> **What to work on**
What the response needs is every record, repeated verbatim, and no images.

[Recorded data]
◇ ◇ ◇
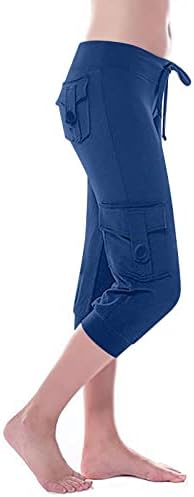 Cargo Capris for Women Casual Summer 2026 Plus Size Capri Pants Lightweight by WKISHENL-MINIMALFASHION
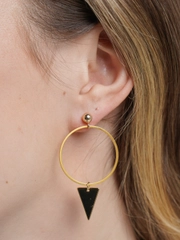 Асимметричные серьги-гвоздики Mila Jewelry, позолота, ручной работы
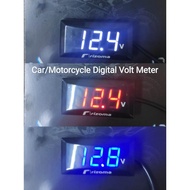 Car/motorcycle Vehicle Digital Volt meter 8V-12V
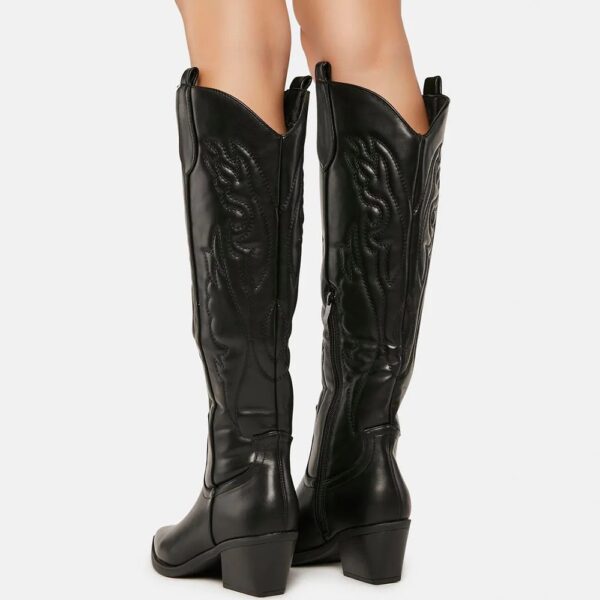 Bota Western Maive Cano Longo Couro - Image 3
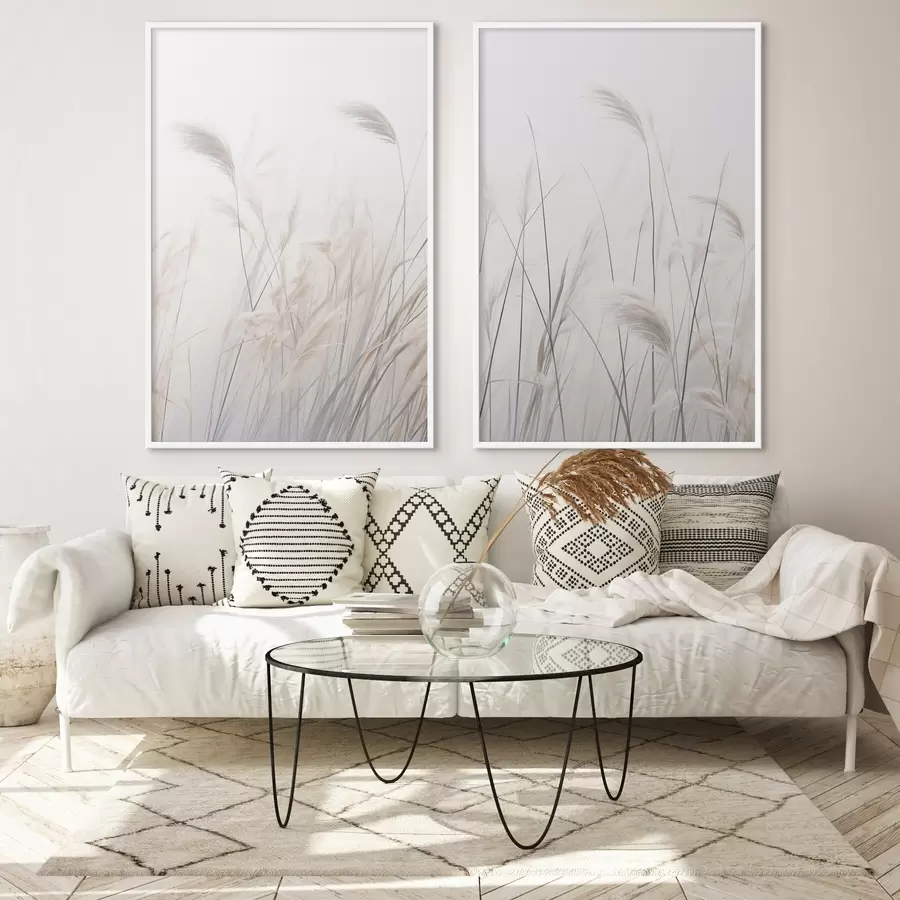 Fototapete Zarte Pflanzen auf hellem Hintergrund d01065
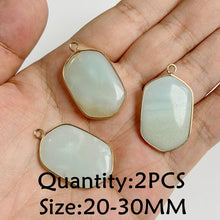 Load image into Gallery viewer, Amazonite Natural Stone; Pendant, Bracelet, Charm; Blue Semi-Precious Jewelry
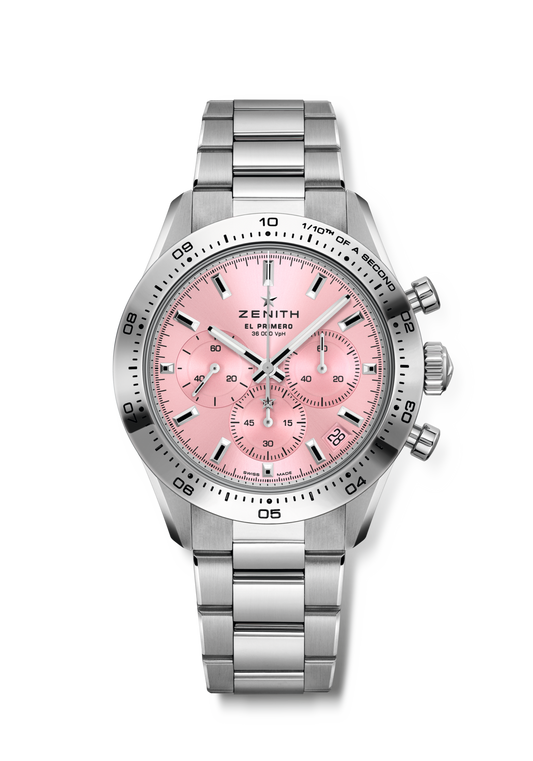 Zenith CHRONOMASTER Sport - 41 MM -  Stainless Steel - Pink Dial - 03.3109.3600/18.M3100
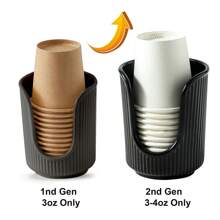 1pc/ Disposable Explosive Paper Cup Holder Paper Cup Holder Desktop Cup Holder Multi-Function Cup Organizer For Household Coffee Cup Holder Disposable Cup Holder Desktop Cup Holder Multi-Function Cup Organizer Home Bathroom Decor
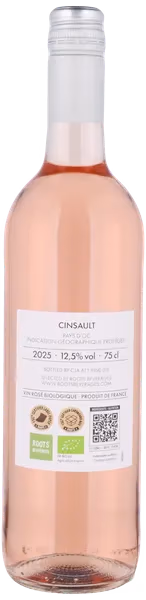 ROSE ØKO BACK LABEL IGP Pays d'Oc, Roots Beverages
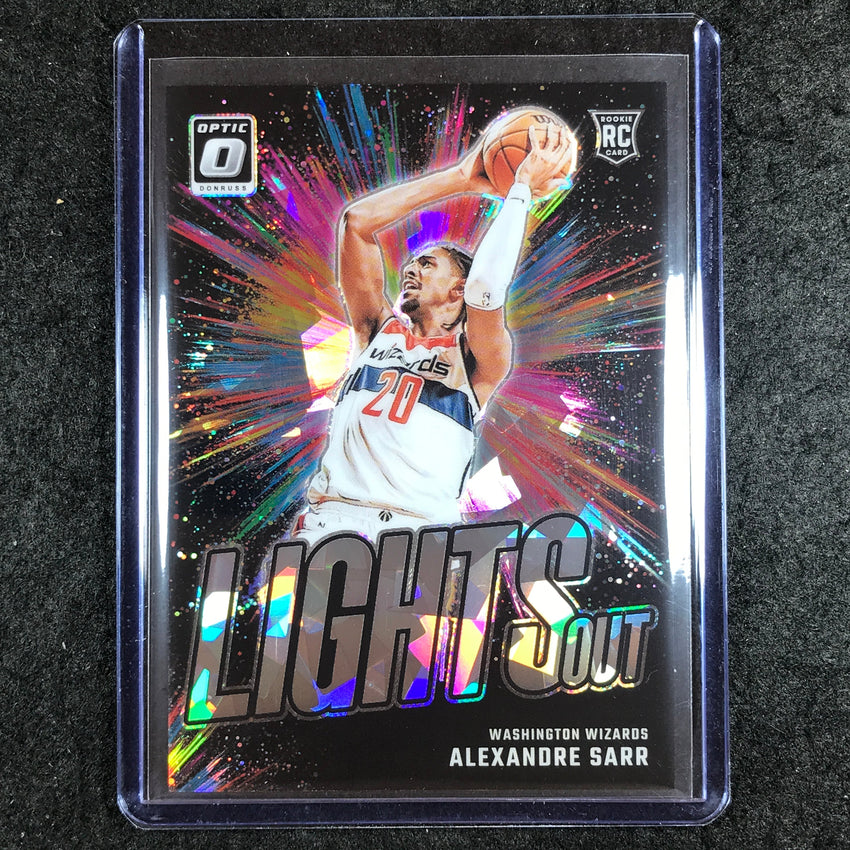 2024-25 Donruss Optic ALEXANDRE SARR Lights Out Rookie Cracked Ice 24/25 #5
◇ ◇ ◇
> **Answer for this exercise**
 Cargo Capris for Women Casual Summer 2026 Plus Size Capri Pants Lightweight by WKISHENL-MINIMALFASHION
 Асимметричные серьги-гвоздики Mila Jewelry, позолота, ручной работы
 Car/motorcycle Vehicle Digital Volt meter 8V-12V
 Bota Western Maive Cano Longo Couro - Image 3
 Fototapete Zarte Pflanzen auf hellem Hintergrund d01065
 Load image into Gallery viewer, Amazonite Natural Stone; Pendant, Bracelet, Charm; Blue Semi-Precious Jewelry
 Zenith CHRONOMASTER Sport - 41 MM -  Stainless Steel - Pink Dial - 03.3109.3600/18.M3100
 1pc/ Disposable Explosive Paper Cup Holder Paper Cup Holder Desktop Cup Holder Multi-Function Cup Organizer For Household Coffee Cup Holder Disposable Cup Holder Desktop Cup Holder Multi-Function Cup Organizer Home Bathroom Decor
 ROSE ØKO BACK LABEL IGP Pays d'Oc, Roots Beverages
 2024-25 Donruss Optic ALEXANDRE SARR Lights Out Rookie Cracked Ice 24/25 #5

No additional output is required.